The air-quality station has been running for decades, said Jill Schulte, Ecology’s statewide ambient air monitoring coordinator, but the governor was on-site to examine five new additions hanging on a bit of chain-link fence.

The sensors, called SensWA, are small, less than a cubic foot, with a clear plastic front. They’re inexpensive and so lightweight that they can hang almost anywhere, Schulte said. And they’re specifically designed to measure levels of PM2.5 in the air.

PM2.5 stands for particulate matter smaller than 2.5 micrometers, which can be inhaled and cause or exacerbate respiratory and cardiovascular issues. Common sources of this type of pollution include wildfire smoke, wood-burning stoves and vehicle emissions.

Twenty of the SensWA sensors are now working across the state. Aside from those in Beacon Hill, more are operating in places like Issaquah, Spokane, Vancouver and Cle Elum, Kittitas County, said Susan Woodward, a spokesperson for Ecology.

The department will add dozens more to areas near Ellensburg, Everett, Puyallup, the Tri-Cities and Wenatchee, Woodward said. Each of those areas, 16 in all, qualify as overburdened, meaning they experience greater risk from the air pollution than most other communities. Combined, those 16 communities include more than 1.2 million people.

Tribal communities won’t be covered by the new monitors, but Woodward said state officials are consulting with tribes and expect to include them in the future.

Min applauded the new monitors but questioned the state’s next steps to clear pollution. She also noted the devices only detect particulate matter and not other chemicals and compounds known to plague overburdened communities.

But Inslee said the added information can be used to direct additional funding raised from the state’s carbon-pricing auctions, which have collected nearly $1.5 billion in less than a year.
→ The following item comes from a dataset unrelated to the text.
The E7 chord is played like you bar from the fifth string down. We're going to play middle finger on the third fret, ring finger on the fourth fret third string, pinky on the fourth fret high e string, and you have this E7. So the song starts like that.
That money could help residents afford heat pumps, more-efficient insulation in their homes, air filters and electric vehicles. Each of those investments would improve air quality, he said.

Over the next two years the Legislature has allocated more than $2 billion from the funds for those types of projects.
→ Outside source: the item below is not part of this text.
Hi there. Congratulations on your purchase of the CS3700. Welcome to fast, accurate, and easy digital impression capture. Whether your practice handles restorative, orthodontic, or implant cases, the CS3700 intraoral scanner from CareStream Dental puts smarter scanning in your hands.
Still, Min said, some places are falling through the cracks.

Where Climate Commitment Act money is spent

It’s likely that more communities than the 16 highlighted by the state are overburdened by air pollution, Min said. But they probably didn’t make the list because they don’t have enough air quality data to qualify, she said.

Woodward said state officials believe it’s “unlikely” they missed areas with both vulnerable residents and high levels of air pollution. Ecology will continue to gather data and speak with community members and tribes, and the department will revise its list every six years.

That’s too long of a wait, Min cautioned, especially because an analysis published last month by Front and Centered indicates the state isn’t directing enough money from the Climate Commitment Act to overburdened communities.

The Legislature required that at least 35% of the money raised by the policy be spent in ways providing “direct and meaningful benefits to vulnerable populations within the boundaries of overburdened communities.” In addition, 10% of the total expenditures must go toward tribal communities.

But the budget falls well short, the analysis indicates.

So far, up to 10.6% is allocated to overburdened communities and 6.2% is allocated to tribal communities, the nonprofit’s data shows.

Becky Kelly, senior policy adviser for climate in the governor’s office, disagreed with the analysis and said it was too simplistic in counting what does and does not qualify as spending in an overburdened community, Kelly said.

“We do the math really differently,” Kelly said.

Guillermo Rogel, legislative and government relations advocate for Front and Centered, noted that state officials don’t have any hard data to dispute the analysis, though.

“There is no math yet, we haven’t seen it,” Rogel said.

Either way, little of the money raised so far has been spent. Inslee acknowledged the spending commitments to overburdened and tribal communities and said his administration will abide by them. He also said that spending more of that money will not only help reduce pollution but will also build support for the Climate Commitment Act itself, protecting the policy against a growing repeal effort.